So far this term, I’ve been forced to take my writing process into consideration. I do not enjoy taking my writing process into consideration. I enjoy writing. Especially when it comes to poetry. But that is a different rant for a different day.
The writing process for TKS works better, more efficiently, and more sensibly than does my personal writing process for creative work. The latter is scattered, informal, and makes me feel like a Type B person when I’m pretty sure I’m not a Type B person. However, this mode can still apply to TKS sometimes, and for reasons that I cannot control.

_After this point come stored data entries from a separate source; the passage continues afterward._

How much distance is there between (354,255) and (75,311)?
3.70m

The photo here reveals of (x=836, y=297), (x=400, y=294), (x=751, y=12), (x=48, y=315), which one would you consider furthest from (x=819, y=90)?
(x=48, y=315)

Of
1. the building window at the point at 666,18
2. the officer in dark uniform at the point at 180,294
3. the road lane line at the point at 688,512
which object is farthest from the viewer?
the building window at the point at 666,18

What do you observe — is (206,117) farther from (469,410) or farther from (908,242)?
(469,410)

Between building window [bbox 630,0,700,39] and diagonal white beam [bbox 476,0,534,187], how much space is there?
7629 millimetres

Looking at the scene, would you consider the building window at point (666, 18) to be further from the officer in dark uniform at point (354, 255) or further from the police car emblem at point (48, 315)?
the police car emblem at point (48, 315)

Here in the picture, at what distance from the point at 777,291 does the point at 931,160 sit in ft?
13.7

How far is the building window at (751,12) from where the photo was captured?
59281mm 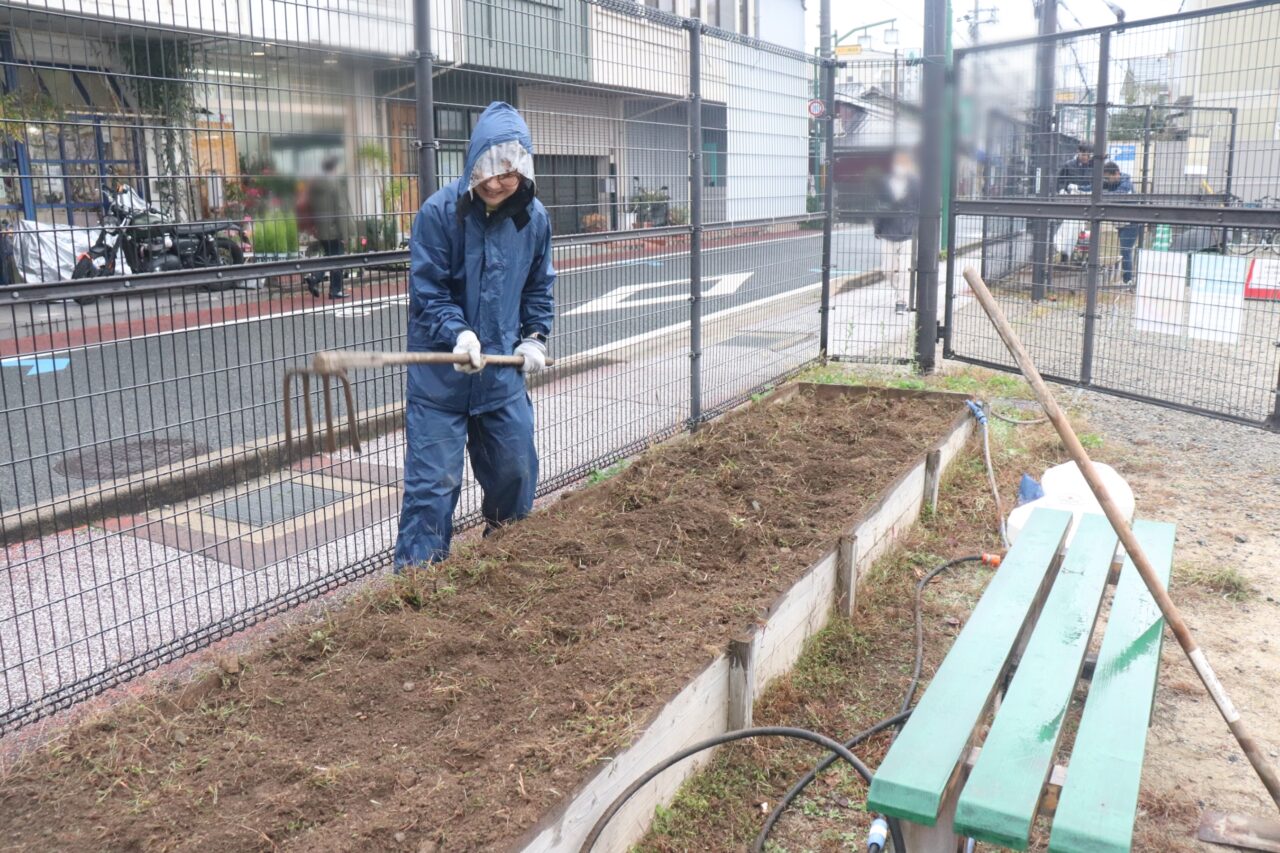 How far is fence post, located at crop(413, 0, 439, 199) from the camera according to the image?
4.36 meters

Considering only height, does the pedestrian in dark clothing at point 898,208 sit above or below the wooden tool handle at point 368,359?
above

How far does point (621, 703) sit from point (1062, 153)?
6559mm

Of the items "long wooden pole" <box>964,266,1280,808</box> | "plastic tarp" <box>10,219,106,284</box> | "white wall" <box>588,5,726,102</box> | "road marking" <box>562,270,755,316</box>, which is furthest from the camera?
"road marking" <box>562,270,755,316</box>

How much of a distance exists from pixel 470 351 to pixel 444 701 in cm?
143

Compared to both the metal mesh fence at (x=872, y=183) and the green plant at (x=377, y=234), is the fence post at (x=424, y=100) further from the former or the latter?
the metal mesh fence at (x=872, y=183)

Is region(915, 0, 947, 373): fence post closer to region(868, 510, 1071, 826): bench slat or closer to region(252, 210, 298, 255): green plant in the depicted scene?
region(868, 510, 1071, 826): bench slat

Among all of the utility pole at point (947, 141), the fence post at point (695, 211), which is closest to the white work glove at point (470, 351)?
the fence post at point (695, 211)

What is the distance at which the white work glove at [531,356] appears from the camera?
14.3 feet

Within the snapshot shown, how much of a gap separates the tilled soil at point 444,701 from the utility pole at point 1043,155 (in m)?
4.42

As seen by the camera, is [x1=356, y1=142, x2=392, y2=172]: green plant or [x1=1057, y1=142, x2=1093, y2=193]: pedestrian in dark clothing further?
[x1=1057, y1=142, x2=1093, y2=193]: pedestrian in dark clothing

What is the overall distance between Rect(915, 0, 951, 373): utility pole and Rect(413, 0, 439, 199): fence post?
4890 millimetres

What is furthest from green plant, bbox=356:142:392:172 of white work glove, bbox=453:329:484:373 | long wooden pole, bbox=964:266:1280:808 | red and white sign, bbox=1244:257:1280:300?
red and white sign, bbox=1244:257:1280:300

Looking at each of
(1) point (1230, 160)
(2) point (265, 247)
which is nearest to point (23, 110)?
(2) point (265, 247)

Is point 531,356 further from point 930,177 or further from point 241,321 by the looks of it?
point 930,177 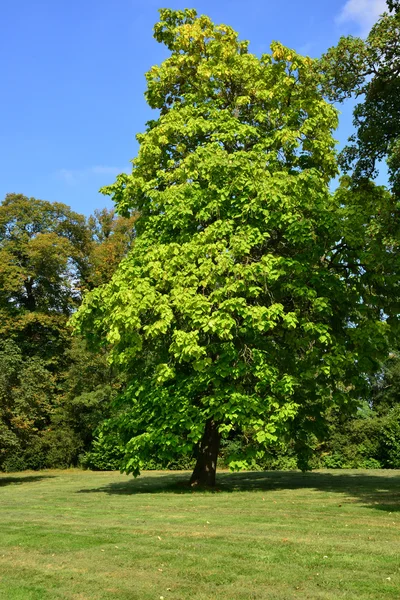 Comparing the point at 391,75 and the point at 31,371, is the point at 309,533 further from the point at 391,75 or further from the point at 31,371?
the point at 31,371

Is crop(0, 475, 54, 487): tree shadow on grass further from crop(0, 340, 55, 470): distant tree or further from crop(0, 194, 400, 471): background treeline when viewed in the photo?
crop(0, 340, 55, 470): distant tree

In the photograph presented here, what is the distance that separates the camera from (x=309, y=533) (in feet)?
29.5

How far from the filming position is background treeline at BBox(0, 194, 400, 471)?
2670 centimetres

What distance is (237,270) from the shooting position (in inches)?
583

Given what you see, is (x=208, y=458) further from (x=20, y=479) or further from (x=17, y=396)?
(x=20, y=479)

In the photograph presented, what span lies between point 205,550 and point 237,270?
323 inches

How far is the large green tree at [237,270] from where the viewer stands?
14977 mm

Last Wednesday, on publication night, it felt like all our well-planned deadlines (a nod to Anna Meier for changing them this year in such a way as to make everyone less insane) and well-organized systems had been tossed to the wind. My lovely co-editor had asked a writer for revisions on Monday night, but we did not get them on Monday night. We did not get them on Tuesday night. You can probably imagine that we got them on Wednesday night, of course, since that’s implied. But when? Was it right at 4 p.m., the beginning of our publication process? No. Was it right after dinner time? No. How dare I be so optimistic.
We did not get revisions in until 8:45 p.m. I was overjoyed that we actually got them, but until that time, I was fuming. I’m pretty sure everyone in the publication office was afraid of me. Actually, I know this for a fact; they very graciously took a “by all means!” attitude when I declared that I would most definitely be going to the Quickie to buy a pack of cigarettes, in spite of quitting and in spite of their support of my quitting. (Note: I didn’t end up getting cigarettes after all.)
I think that timeliness is important. Incredibly important. I blame this one on my family: they are always, perpetually 10 minutes late, so I am always, perpetually five minutes early. “On time” to me means five minutes early. So, when most people are actually “on time,” I’ll already consider them to be late.
But what I (re)learned from being crazy frustrated and forced to wait is that we cannot control everything. No one can. It’s a waste of time to think otherwise, because things almost always go wrong. In considering my creative writing process and even my movement process in dance, it’s essential to remember that things will change as I go, and I must change with them. Last Wednesday night, there was no way we could have gone without that story simply because we didn’t have it in. We had to keep our options open.
We, in the immortal words of Tim Gunn, had to make it work.